(Records from a collection)

----------

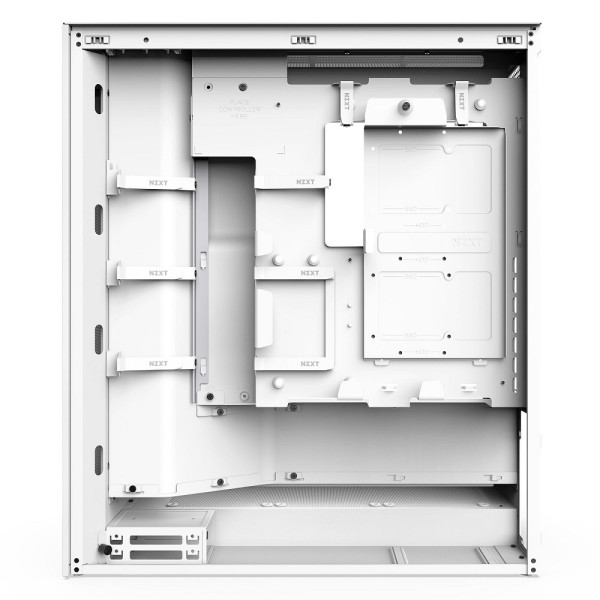 NZXT H7 Flow RGB White (2024) Les Moyennes Tours NZXT, Ultra Pc Gamer Maroc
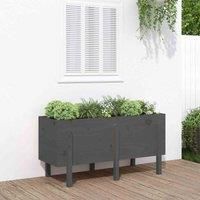 Garden Raised Bed Wooden Planter Pot Patio Flower Bed Solid Wood Pine vidaXL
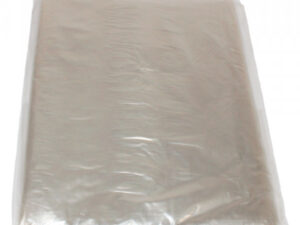 BOLSA BASURA PLANA TRANSPARENTE 120X140 10 UN VIRUTEX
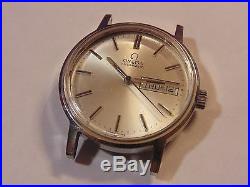 Vintage OMEGA Automatic 17 Jewels Men's Wristwatch Service Award Parts or Repair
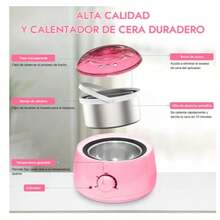 Kit de depilación con perlas de cera para uso doméstico, incluye frasco de cera y bolitas de cera - Multicolor - Ver 4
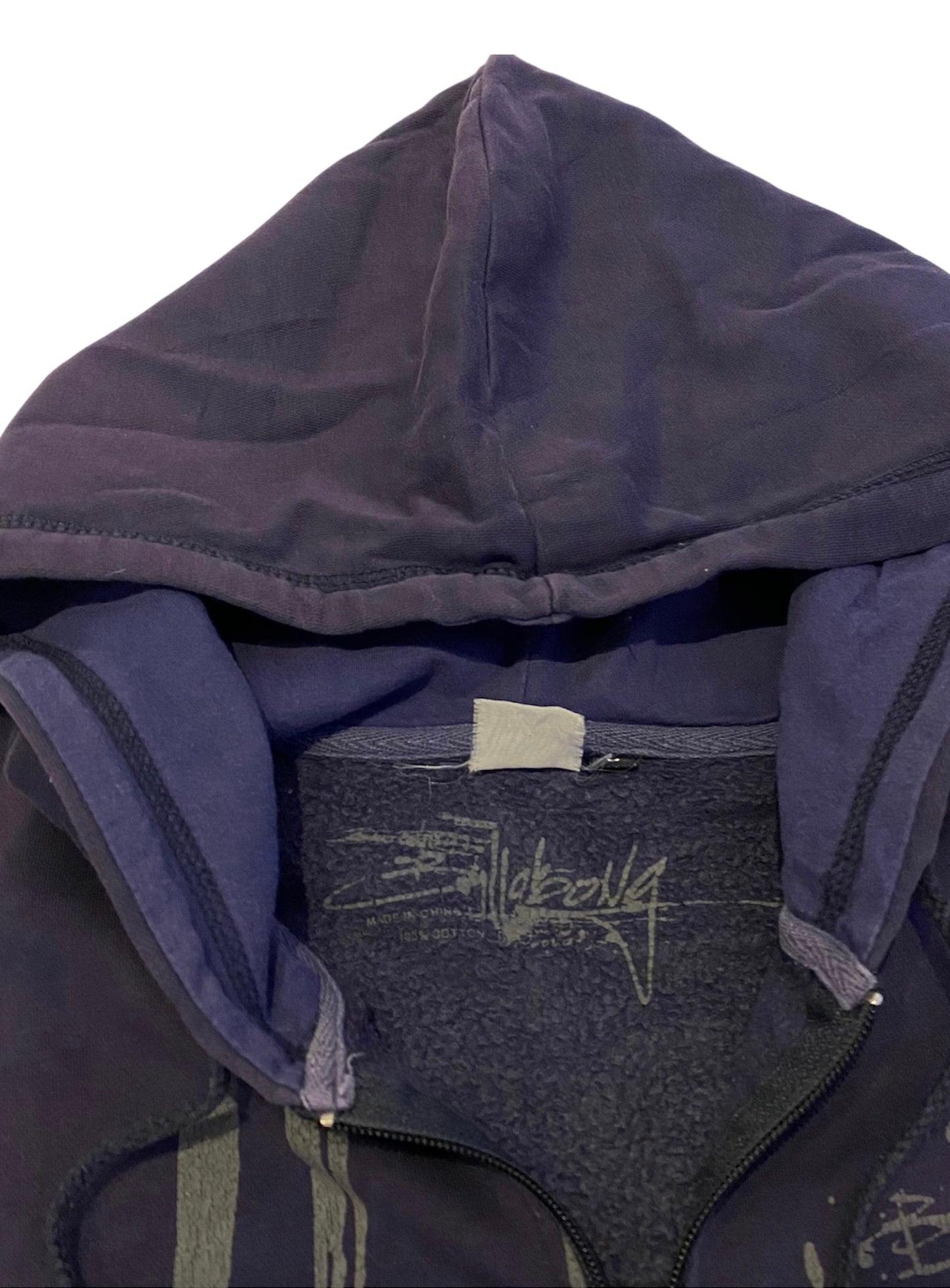 Billabong embroidered y2k zip up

----------

[Instructions for the task]:
Each line above should be returned exactly as written, apart from any pictures.

[Written response]:
 NZXT H7 Flow RGB White (2024) Les Moyennes Tours NZXT, Ultra Pc Gamer Maroc
 Garden Raised Bed Wooden Planter Pot Patio Flower Bed Solid Wood Pine vidaXL
 BOLSA BASURA PLANA TRANSPARENTE 120X140 10 UN VIRUTEX
 Vintage OMEGA Automatic 17 Jewels Men's Wristwatch Service Award Parts or Repair
 Kit de depilación con perlas de cera para uso doméstico, incluye frasco de cera y bolitas de cera - Multicolor - Ver 4
 Billabong embroidered y2k zip up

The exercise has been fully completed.